È ovvio che nello svolgimento della sua attività un architetto debba attenersi alle leggi, alla deontologia, ai principi della correttezza e dell’etica. Tuttavia negli eventi della vita ci si può trovare di fronte a casi di coscienza. Che fare ad esempio se si dovesse scegliere tra compiere un’irregolarità o salvare una vita?
Detto così può sembrare un’esagerazione, e un po’ lo è, ma serve a inquadrare sinteticamente una situazione piuttosto complessa ma reale.

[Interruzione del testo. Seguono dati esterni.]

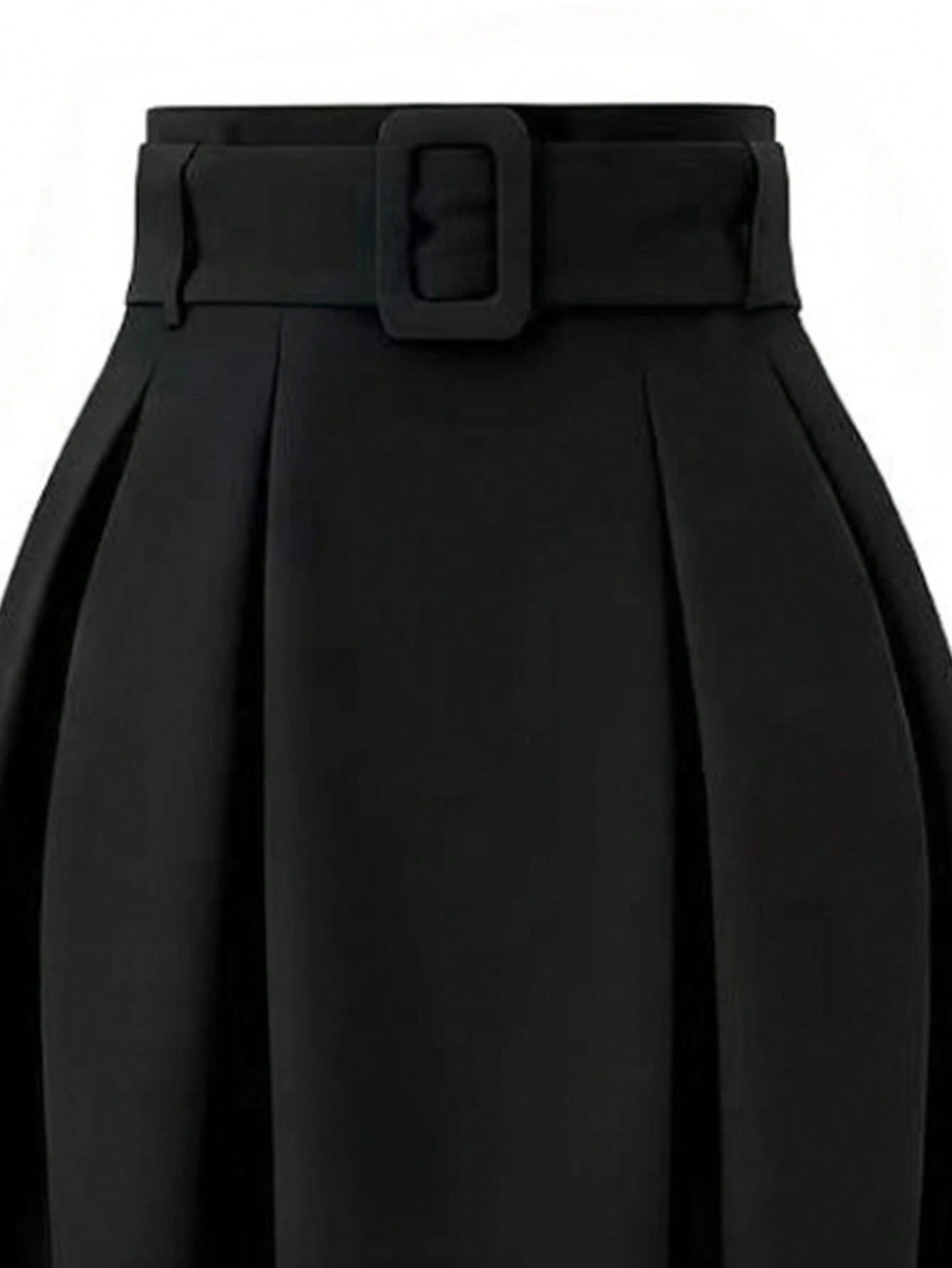 EARO Women's High Waist Slimming Gray Versatile Casual Commuter Skirt, Loose Design With Adjustable Waistband, A-Line Skirt Black Spring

Molti anni fa un parroco ebbe un brutto infarto. Sopravvisse, ma abitava a un piano alto in un edificio antico con scale tortuose, dove era impossibile istallare un ascensore o un servoscala. Questo gli causava molti problemi perché tante persone avevano continuamente bisogno di lui, e lui non si negava a nessuno; ma così ogni giorno si rinnovava il rischio. Per prudenza avrebbe dovuto lasciare la parrocchia e trasferirsi, ma questa era l’ultima cosa che avrebbe voluto fare e che nessuno si augurava, perché lui era il collante di una comunità molto attiva che era riuscito a creare con gli anni superando molte difficoltà.
Un giorno però qualcuno scopre che esiste la possibilità di realizzare un ascensore in un posto che nessuno aveva preso in considerazione. Purtroppo però una modifica del genere, benché nascosta e assai poco invasiva, molto difficilmente avrebbe potuto ottenere le necessarie approvazioni, e comunque in tempi lunghissimi.
In qualche modo si ripropose così, per un semplice ascensore, l’antica questione di Antigone: la legge diceva una cosa, ma il cuore ne diceva un’altra. Che fare?

In parrocchia tutti decisero di seguire l’esempio di Antigone. Salvo il parroco, che si astenne.